The Solar Victoria audit program is designed to promote safety and quality within the solar industry. The program is a risk-based auditing regime with information sharing agreements with relevant regulators and industry bodies. It targets Solar PV installations based on several risk factors, including feedback from customers, or where a large number of installations could potentially suggest that shortcuts may have been taken.
Nearly 600 installations have been audited so far with many more to be delivered in the next few months. There is no room for poor-quality installations.
The post-installation inspections are being carried out by independent safety auditors commissioned by Solar Victoria.
A number of installations have already been identified as unsafe and were immediately de-energised to render them safe, with the installer and householder notified. We have also referred these matters to Energy Safe Victoria and the Clean Energy Council.
All systems are required to be rectified and Energy Safe is currently assessing what compliance action needs to be taken in each case. Action will be determined by these bodies and may lead to installers being excluded from participation in the Solar Homes program.
In cases where an auditor considers an installation to be unsafe, they will first contact the installer to discuss the issue before confirming the final audit findings.
The message to retailers and installers is not to risk your businesses by cutting corners. The audit program is designed to ensure that systems are safely installed to Australian Standards and Victoria’s electrical safety regulations, as well as Clean Energy Council Best Practice Guidelines.
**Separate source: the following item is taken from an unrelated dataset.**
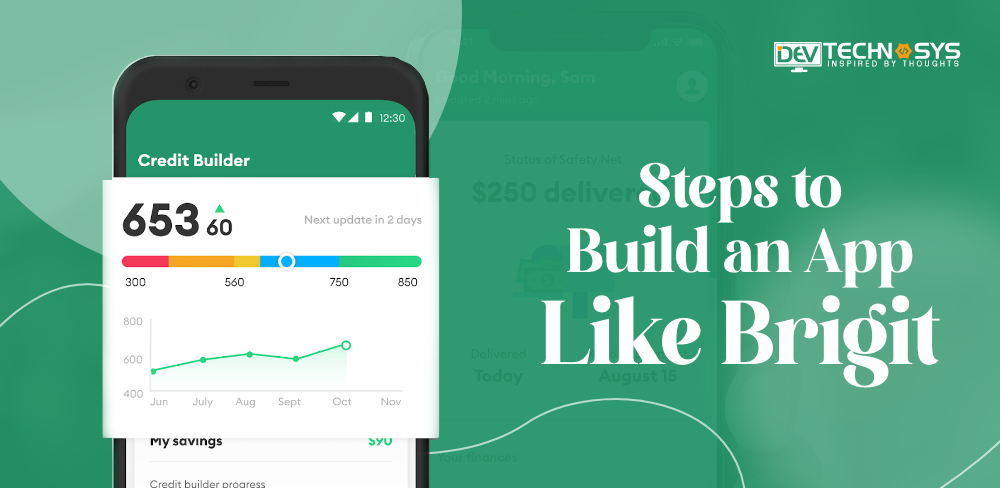 Steps to Build an App Like Brigit A Borrow & Build Credit App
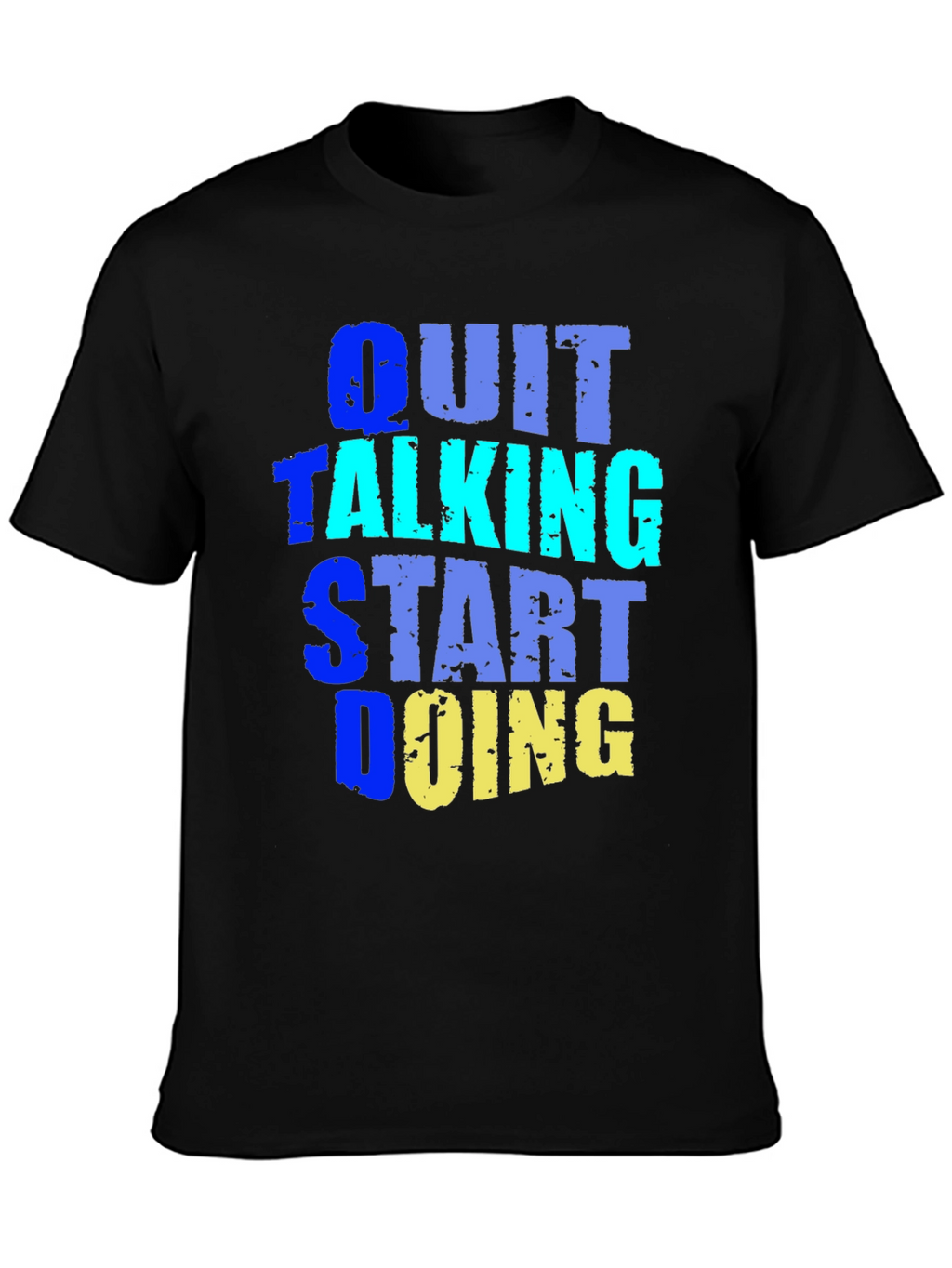 Quit Talking Start Doing Graphic Tee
Safety failings can have serious human and commercial consequences for installers who take shortcuts with safety. If you get it right first time, there will be no need for further action.
Solar Victoria, in delivering its audit program, is working in partnership with Energy Safe Victoria, the Clean Energy Council, Consumer Affairs Victoria, the Victorian Building Authority and WorkSafe Victoria.
Solar Victoria is coordinating joint safety inspections between regulators to identify unsafe practices at the time of system installations. A recent joint safety inspection identified a matter involving unsupervised workers, working at height without adequate fall protection in place. Worksafe has undertaken 80 site visits and issued 53 compliance notices (including improvement and prohibition notices).
The most common serious findings in the audits include poor fitting of DCI isolators, issues regarding wiring connection and security and inadequate earthing of solar arrays. Solar Victoria is planning to run education sessions in coming weeks to discuss these issues and promote improvements in practices.